Anyone still clinging to the belief that Hugo Chávez is at heart more of a democratic leftist than a Castro wannabee should read some of the accounts of the recently-concluded 16th World Youth and Students Festival in Caracas.
The festival is a periodic production of the World Federation of Democratic Youth, which was taken over by Stalinists at the beginning of the Cold War. Previous festivals have been held in such outposts of democracy as East Berlin (1951 and 1973), Moscow (1957 and 1985), Havana (1978 and 1997) and, yes, Pyongyang (1989).
The Cuban National News Agency reported that “[h]uman right violations in capitalist countries” would be the main discussion topic during one session of the festival. I’ll assume the busy schedule of parades and Chavez speeches didn’t allow for a discussion of human rights violations in “socialist” countries.
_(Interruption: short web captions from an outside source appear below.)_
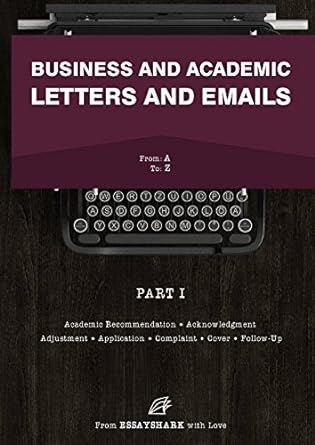 business and academic letters and emails email and letter writing book for dummies learn how to write letters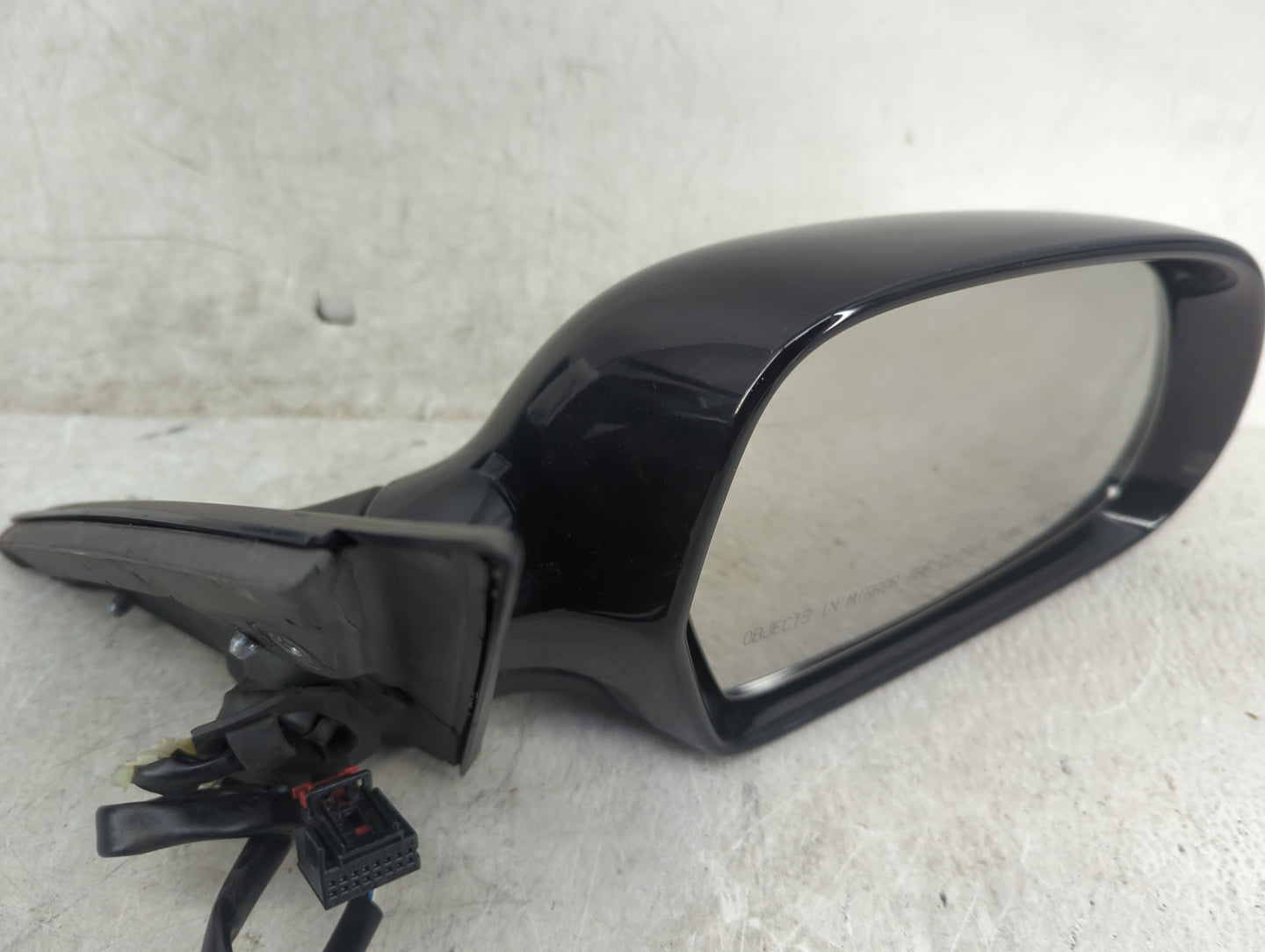 2009 Audi A4 Passenger Side View Mirror - Right Door Mirror OEM Used - Oemusedautoparts1.com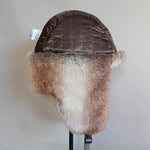 Chapéu ushanka cinzento
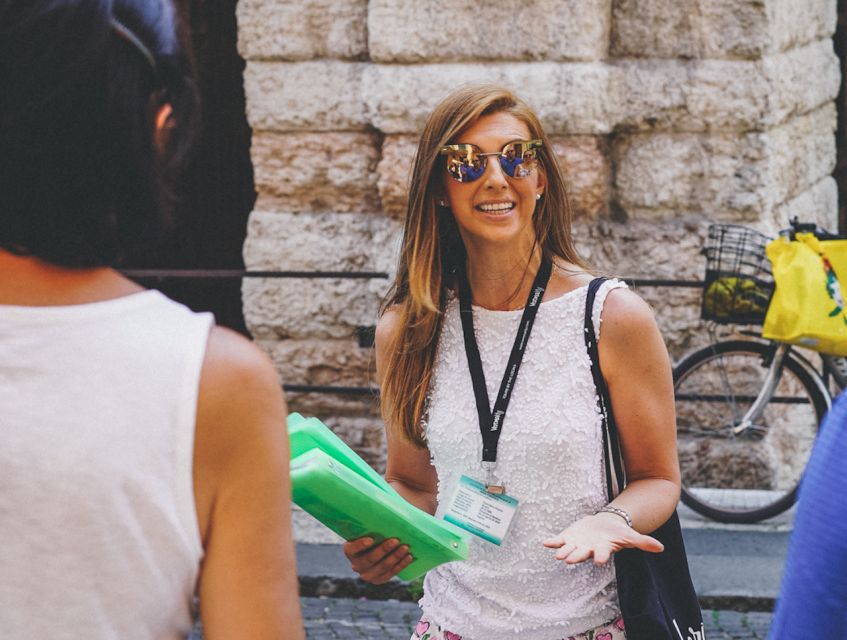 Verona: Priority Access Arena Guided Tour - Engineering, marble, and why Verona Arena survived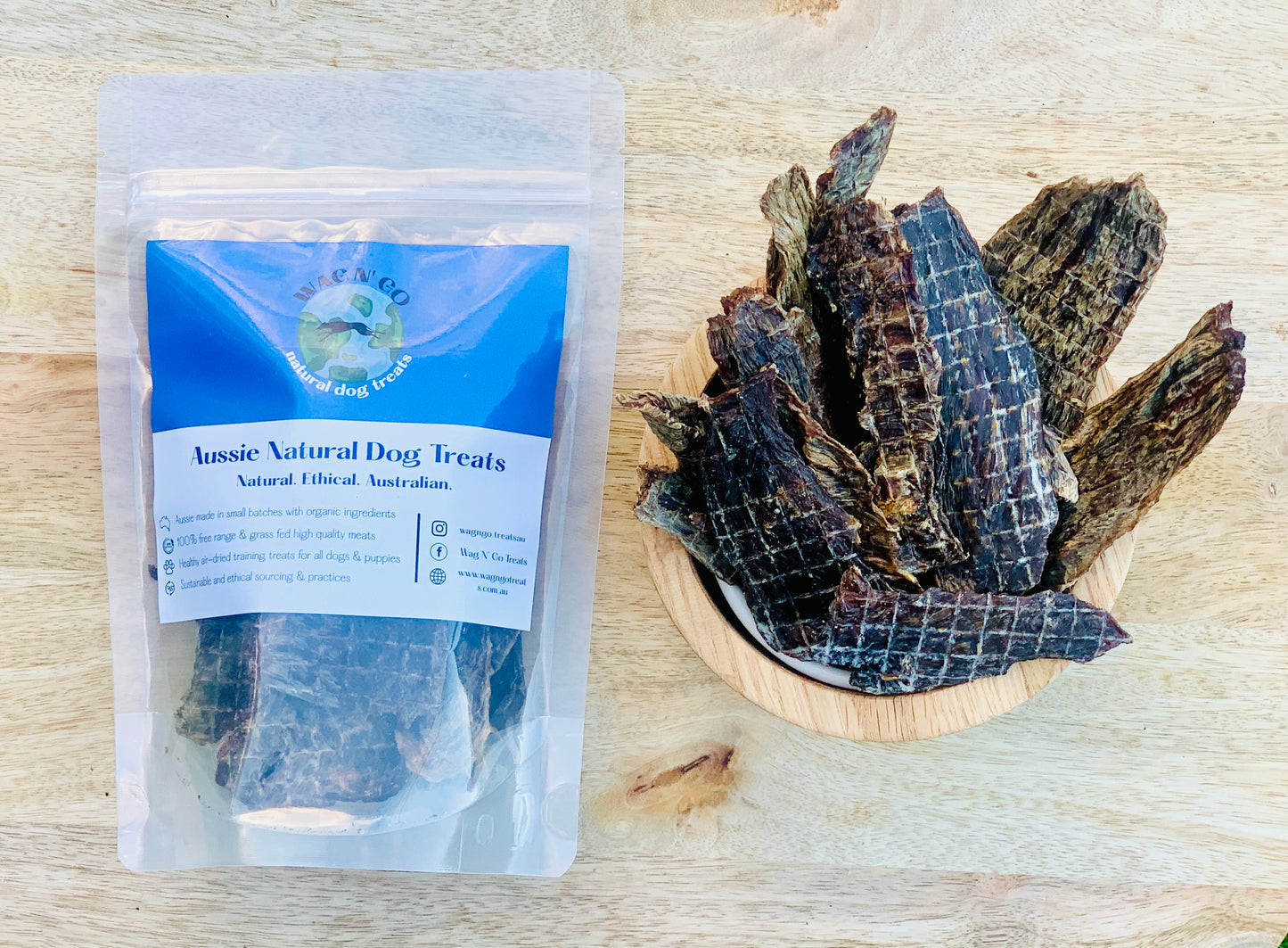 Aussie Natural Beef Jerky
According to a highly sympathetic account by Humberto Márquez of the Inter Press Service:
The festival kicked off with a boisterous parade, as thousands of young delegates – some clad in traditional ethnic costumes, others in multinational brand-name athletic gear, and a great many in faded jeans and T-shirts emblazoned with the image of late Argentine-Cuban revolutionary Ernesto Che Guevara – filed past Venezuelan President Hugo Chávez, who watched from a viewing stand outside Fort Tiuna, the Venezuelan military’s headquarters in Caracas.
The U.S. delegation carried a massive banner reading “Hands Off Venezuela”, while others held aloft giant portraits of Che Guevara, Karl Marx, Lenin, Ho Chi Minh, Fidel Castro and Nicaraguan revolutionary Augusto César Sandino, along with Simón Bolívar, José Martí and Chávez himself.
Am I the only one for whom this description of devoted cadre displaying giant portraits while parading before a revered leader carries disturbing historical associations?
I’ll credit Márquez for letting a bit of the reality of Chavez’s Venezuela intrude in his last paragraph:
The authorities have also beefed up security with a reinforced police and military presence around the meeting and accommodation facilities, in view of the high crime rates in Caracas.
And there was a more skeptical observer: namely Harry Hutton of the “Chase me, ladies, I’m in the cavalry” blog, who– coincidentally or not– was in Caracas at the time and managed to crash the festivities. He has pictures.
Harry H, who may or may not have got lucky with some hot Communist chicks, reports that “Chavez opened proceedings… with a speech so insane I was surprised the oil markets didn’t panic.”
Some random observations:
–Any gathering that includes a delegation from the Kim Il Sung Socialist Youth League of the Democratic Peoples Republic of Korea is not a festival of “democratic youth.”
–If anyone from the Iraqi Communist party attended, I hope they informed the comrades that they participated in the “sham” January election and oppose the “anti-imperialist resistance.”
–Yes, there are some hot Communist chicks. They don’t exactly look like victims of capitalist oppression, but I suppose appearances can be deceiving.
Harry adds: Its enough to make a reformed commie all nostalgic. I might add from an experience some time ago of a similiar event that they really should be rebranded as Comrade 18-30…..
Anyway I had a small re-taste of such a nostalgic ‘festival’ myself during this summer when I found myself at the Festa dell Liberazione, the Italian Rifondazione Comunista’s annual bash. I had an excellent BBQ dinner provided by Argentine comrades which was followed by some fine grappa from a cooperativa. I was surrounded at all times by Che posters and Cuban flags and I couldn’t resist asking my communist friend if he thought such an event, organised independently of the state and aimed to some extent against the state, would be permitted in Havana.
“I suppose not,” he replied.
You can’t even get a decent argument out of the Stoppers these days.